THE CORKSCREWER REPORT: What were you planning to do with a degree in American Lit?
DAVID RAMEY: Nothing. All I wanted to do was to be educated and well-read in my culture. I wanted to look at American Literature as the expression of the American consciousness. Starting with the Puritans and then civilization versus the wilderness—it’s themes the great writers like Faulkner wrote about. And then it hit me: Why don’t I make wine? It’s an esthetic statement like literature, like the elements of composition in film. Literary and visual . . . well, that applies to wine too. It makes people happy, and it’s not bad for the environment. But you’ve got to go to UC Davis for that, and that’s only for sons and daughters of industry, who am I kidding?
With that thought, he turned back around towards the American West and, four years later, graduated UC Davis with a Master of Science in Oenology. David was 28 years old at the time.
THE SUN ALSO RISES
Most guys, after approaching their mid-60s, start to unwind, sit in the easy chair and look towards the sunset with a glass of whiskey in hand. Not so with David, as 2014 marked the first vintage for a second label in the Ramey wine portfolio: Sidebar Cellars. Lydia Cummins is officially winemaker of Sidebar, but she and David work as a team. “I’m like the benevolent dictator,” he says, off-handedly, of course. Sidebar allows Ramey to make varieties outside of those that the winery has firmly established itself with: Chardonnay, Cabernet and Syrah.
DAVID RAMEY: This new brand is a little younger and, hopefully, a little hipper.

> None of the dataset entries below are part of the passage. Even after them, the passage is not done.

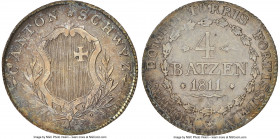 Schwyz. Canton 4 Batzen 1811-M MS64 NGC, KM58, HMZ-2-807b. Rare in this condition and generally not seen with such an attractive patination, featuring...
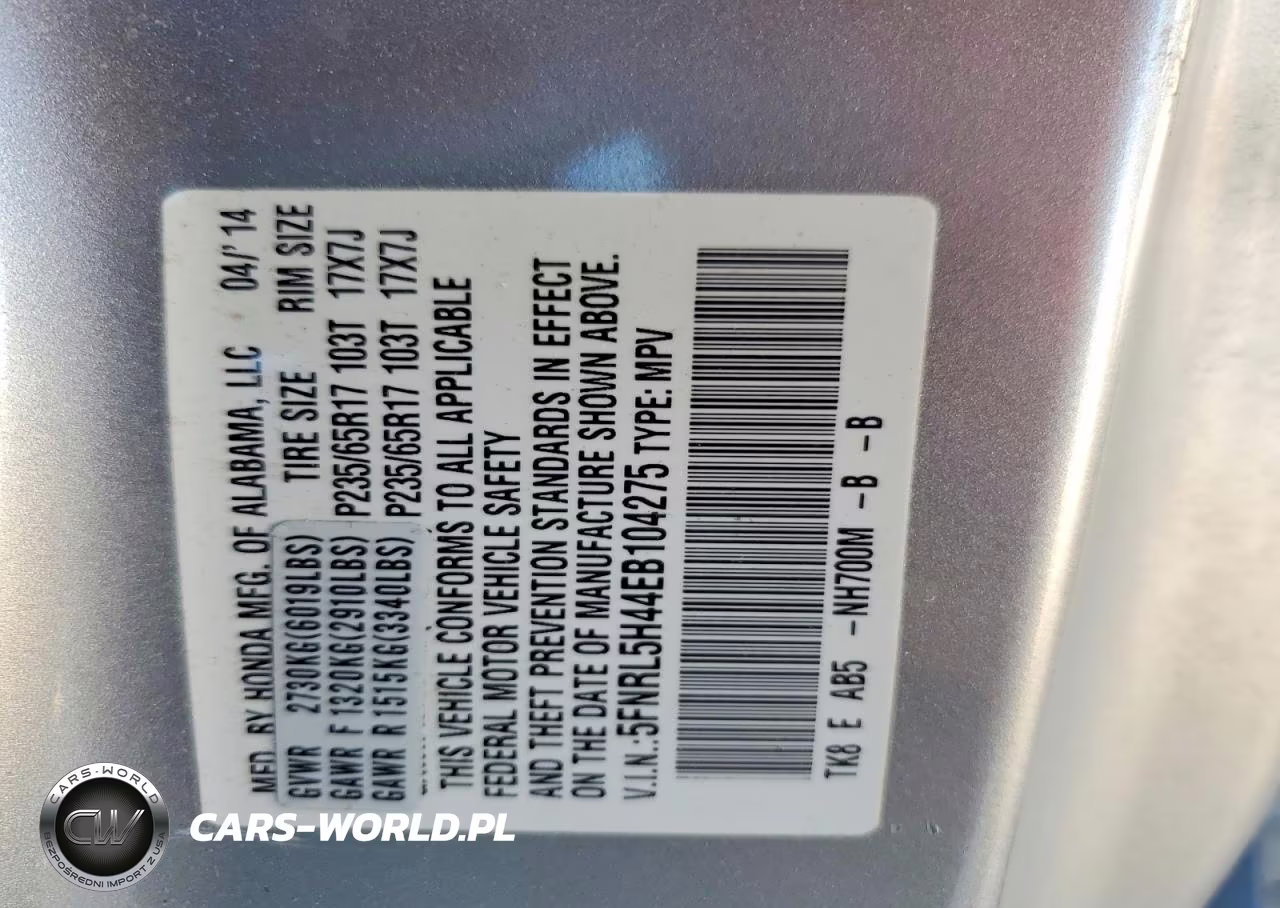 2014 Honda Odyssey Ex VIN:5FNRL5H44EB104275 - 13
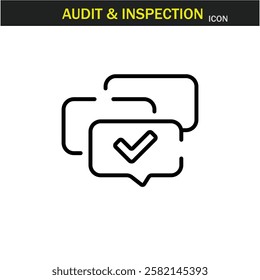 Audit and inspection outline stroke icon.editable stroke icon. Examination, testing, quality control, check, inspect, collection etc. Vector illustration. EPS10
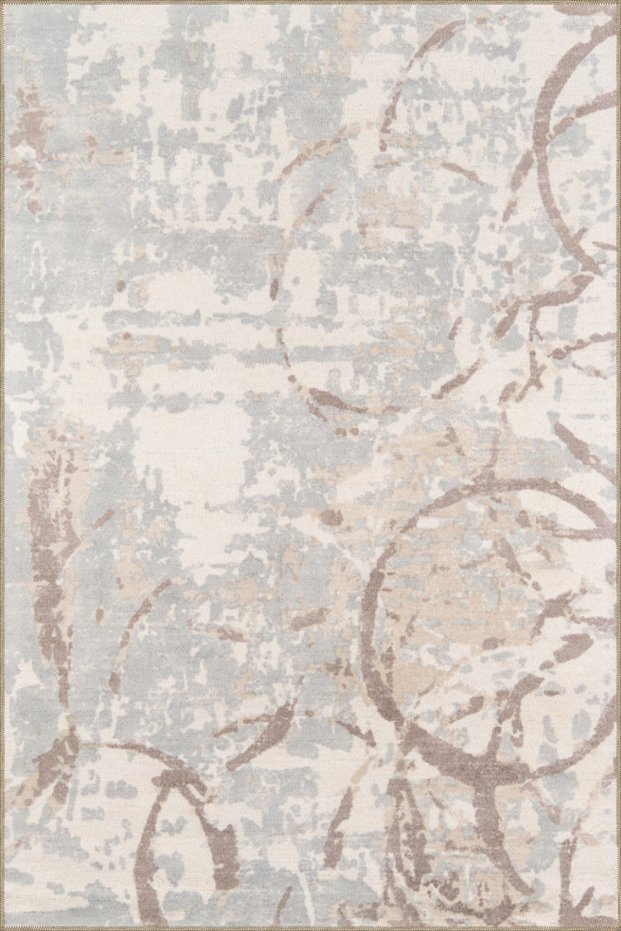 Soft Gray Floral Decorative Carpet and Washable Carpet Miravip9673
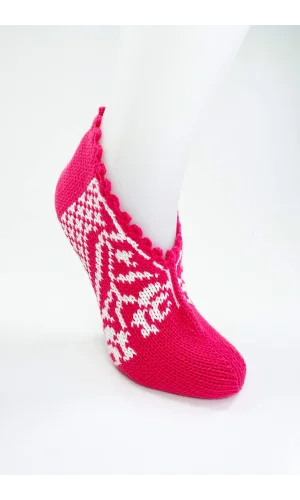 El Örgüsü Kışlık Şık Kadın Yün Patik D11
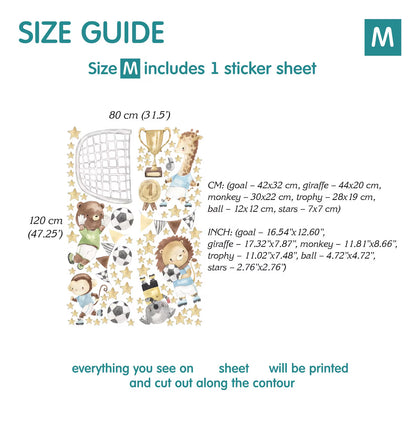 Soccer Animal Wall Decals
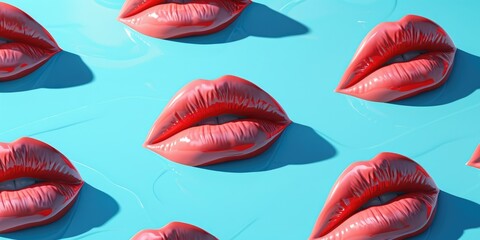 Background pattern of female lips pale soft color - obrazy, fototapety, plakaty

Less expensive, fun varieties—they can come from anywhere, whereas the Ramey brand is only Sonoma and Napa. There’s also a varietal firewall: there will never be a Sidebar Chardonnay, Cabernet or Syrah; and there will never be a Ramey Sauvignon Blanc.
THE CORKSCREWER REPORT: What’s behind the name “Sidebar?”
DR: Well, it has three meanings. Probably the dominant one would be, say you’re reading an annotated text and the notes are on the side. Two, for a lawyer it’s when the judge calls opposing counsels to the bench. Third, the least common one but the most literal, is at a larger bar there might be a side bar over there. So, it’s a sidebar to Ramey Wine Cellars.
With David still overseeing the winemaking and production at Ramey Wine Cellars, the winery has reached its highest production level in its history, now about 40,000 cases of wine per year, distributed throughout the U.S. and with a market presence in 28 countries. David and his wife Carla have done it without partners or investors—they still own the company completely. That’s certainly a rarity for someone who’s been in the game this long—a majority of family-owned wineries in Sonoma and Napa from the late 1990s have sold out at this point.
A new wine label isn’t all. David recently bought a 75-acre property on Westside Road in the Russian River area of Sonoma, where the winery will conduct all operations, finally allowing them to move out of the two leased facilities they have been using. The new location will have all the same functionality David had while he was at Dominus and Rudd and is a mile south of Rochioli and across the street from Williams Selyem. In other words, three icons of California winemaking will be nicely perched next to each other in the thick of the beatific scenery of the Russian River, where they belong. David is rehabilitating an old hop kiln barn on the property and Ramey Wine Cellars will finally have a tasting room. Think about it: all the success the winery has seen—all done without having had a tasting room.
Tasting through the 2013 vintage of Ramey Wine Cellar’s six Chardonnays, all of which have yet to be released, one thing is obvious: they are all uniformly stunning. The hallmarks of a Ramey Chardonnay—and make no mistake, these are world class white wines and inarguably some of the greatest Chardonnays of California—are a vibrancy, clarity, focus, richness, and crispness that is uniquely American. The astounding Hyde Vineyard is perhaps the fullest expression of the values David brings to his winemaking. And when you compare the austere, masculine Platt Vineyard to the roundness and ebullience of the Ritchie Vineyard and to the coolness and vibrancy of the Woolsey Road Vineyard, you begin to understand the range of expression the winemaker as artist is capable of creating in the bottle.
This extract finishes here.